Water Logistics – When the Capacity Limit is Reached
Quick assembly: A factory-new booster adapter on a pump from the inventory (Image source: Tsurumi)
Tsurumi, manufacturer in dewatering pumps in the construction industry, points out that various aspects speak in favour of two or more small pumps in applications with dirty water. In some cases, one large pump is too much of a good thing.
If the distances are short, only one adequate pump is needed. If the distance to be covered exceeds its capacity limit, a second pump can be connected via an adapter. This is called booster operation: the second pump increases the possible total length of the water pipe.
Many pump operators do not know that this option exists at all. Moreover, it is relatively easy to realise.
Theoretically, the number of pumps that can be operated in series is unlimited. Significant capacity losses are not to be expected. With two identical pumps, the achievable distance performance is roughly doubled. However, the flow rate remains the same. If one wanted to increase this, parallel operation of the pumps is necessary or the use of larger models.
Key factor flexibility
Small pumps connected in series offer the advantage that the individual pumps can be moved more quickly due to their relatively low weight, they are easier to replace and can be better maintained or repaired. There are practical advantages in terms of spare parts logistics and capital requirements, too.

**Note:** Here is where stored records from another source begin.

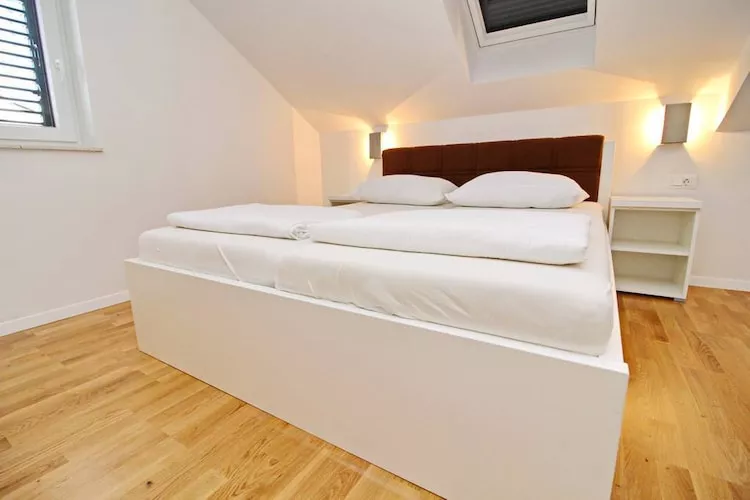 Apartments Kula - Three Bedroom Apartment with Terrace and Sea View C5 - Schlafzimmer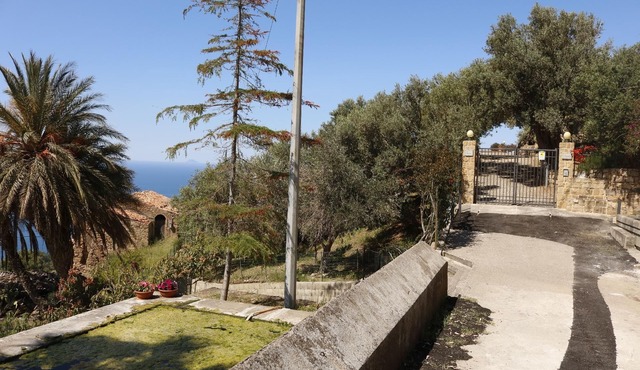 Holiday house Castel di Tusa for 4 persons with 2 bedrooms - Holiday house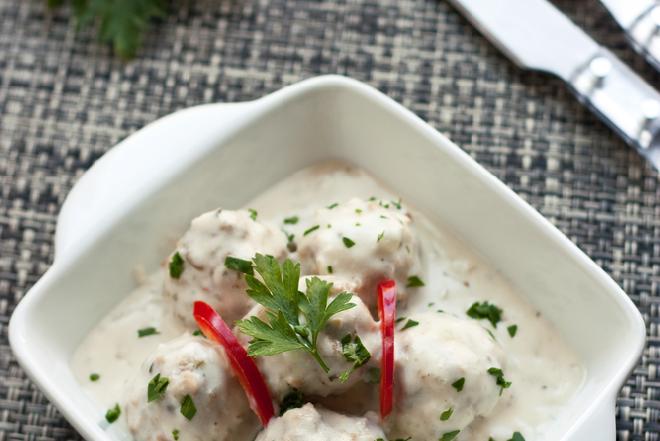 Smakowite pulpety z paluszków surimi podawane z kaszą manną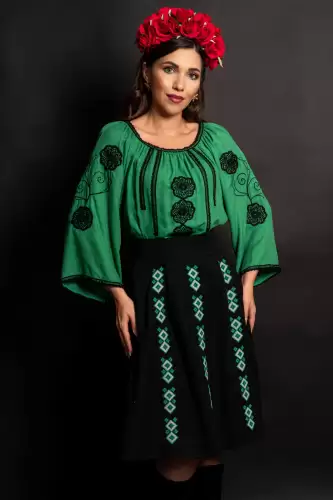 Bluza verde tip ie din vascoza cu broderie traditionala neagra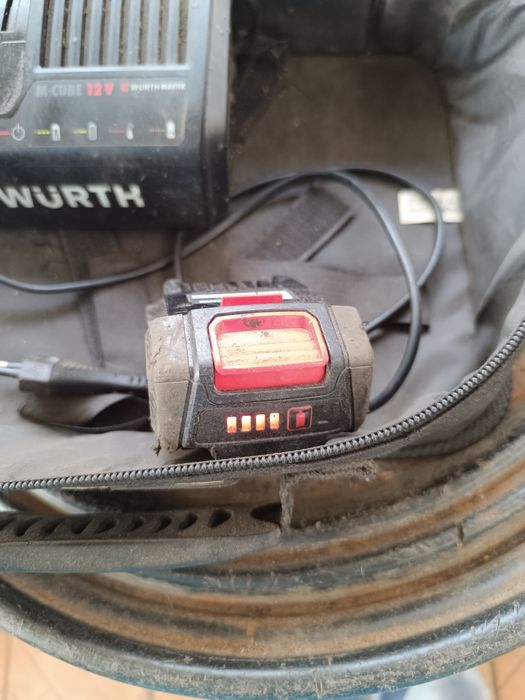 Carregador + Bateria Würth 12V 2Ah M-CUBE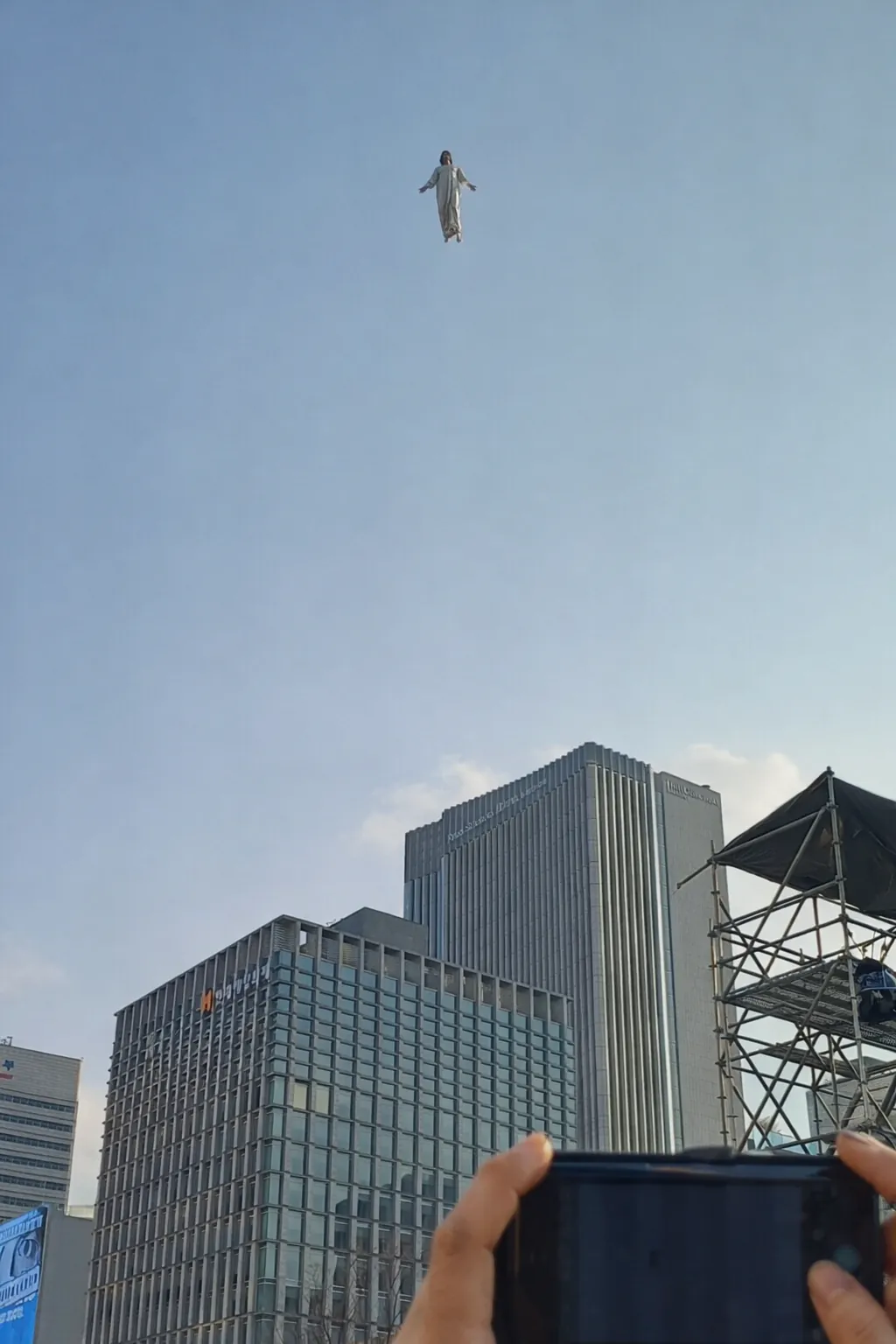 어제자 광화문에서 선보인 부활절맞이 퍼포먼스 | 인스티즈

Two pumps can be connected directly one after the other. Alternatively, they can be spaced so that, for example, one pump is positioned every 30 metres. Whether the piping is fixed or with flexible hoses is functionally irrelevant. There are also advantages during dismantling.
Dewatering with large pumps is particularly interesting because the entire system consists of only a few components.

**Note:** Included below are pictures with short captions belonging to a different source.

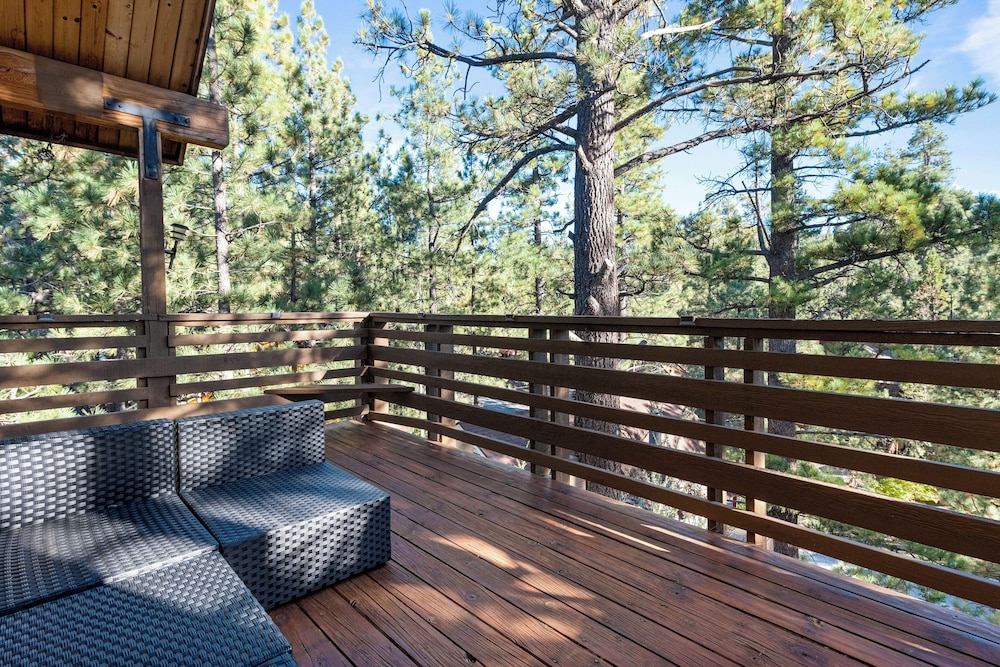 Cabin, Multiple Beds, Patio, Mountain View photo 2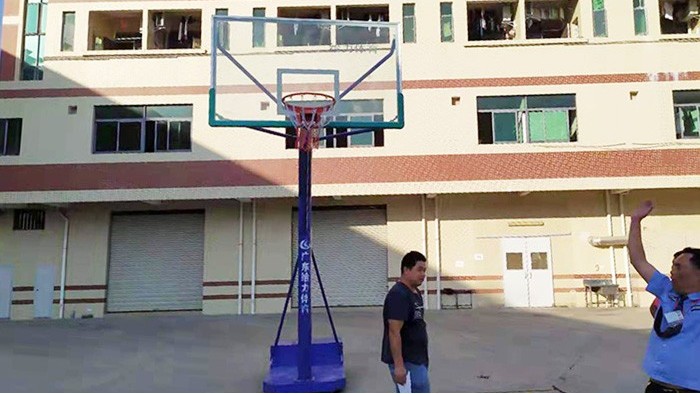 可移動籃球架價錢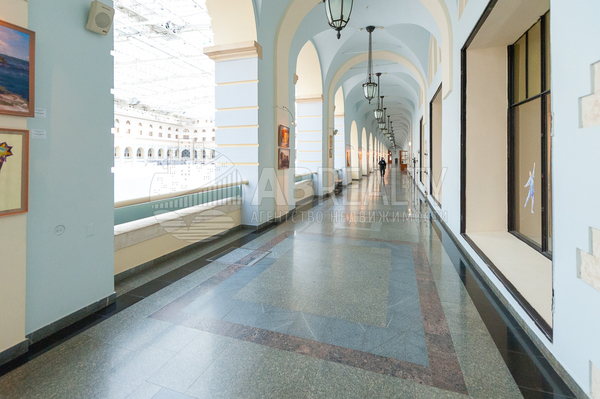 Продам офисное помещение 1 099,6 м2, Ильинка ул, 4, Москва г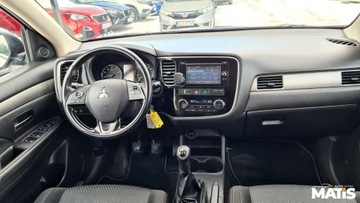 Mitsubishi Outlander III SUV Facelifting 2015 2.0 MIVEC 150KM 2016 Mitsubishi Outlander 2.0Benz manual Kamera czujniki climatronic 100 bezwyp, zdjęcie 3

This is attractive, considering the potential problems of an extensive small unit configuration. That comes with the core risk of all complex systems: (Too) many components are involved, they may not be in the best condition, they may not be set up optimally or they simply should not have been combined in the first place.

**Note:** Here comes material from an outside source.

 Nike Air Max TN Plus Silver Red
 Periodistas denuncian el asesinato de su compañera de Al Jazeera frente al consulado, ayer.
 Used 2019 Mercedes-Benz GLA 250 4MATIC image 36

Space requirements as a bottleneck
However, a solution with a powerful unit like the multi-stage high-pressure pump LH4110W, the manufacturer's top model with a delivery head of 216 m, has to be realised first: such a pump weighs about 1.3 tonnes when dry. Also, the use of these big guys only makes sense if their performance is needed from the very beginning.
The reliability of the system must also be taken into account: if the only large pump fails, the entire dewatering system stops. However, this also applies to the chain solution if a link fails - no matter how small. But getting a large pump going is likely to take longer.
In some cases, however, the question does not even arise. If sheer performance with high throughput is required, for example in open-cast mining, there are hardly any alternatives to large-scale equipment.
On the other hand, the space available underground or in tunnelling is often so limited that there is simply no room for a large pump: After all, vehicles, mining machines and people still have to be able to move accident-free in the narrow veins. Often there are not even intermediate basins for pumping in the roadway sections, so that only a slim solution is available for dewatering. A similar problem arises with deep bore holes or in the waste water sector of industry and municipalities.
The booster adapters are available from Tsurumi Europe in Düsseldorf, Germany, as a standard component at a comparatively low price. Operators of dewatering pumps should therefore first consider connecting them in series if necessary. As a rule, different pump types may be combined. The adapters can thus continue to be used if other, larger pumps are purchased later.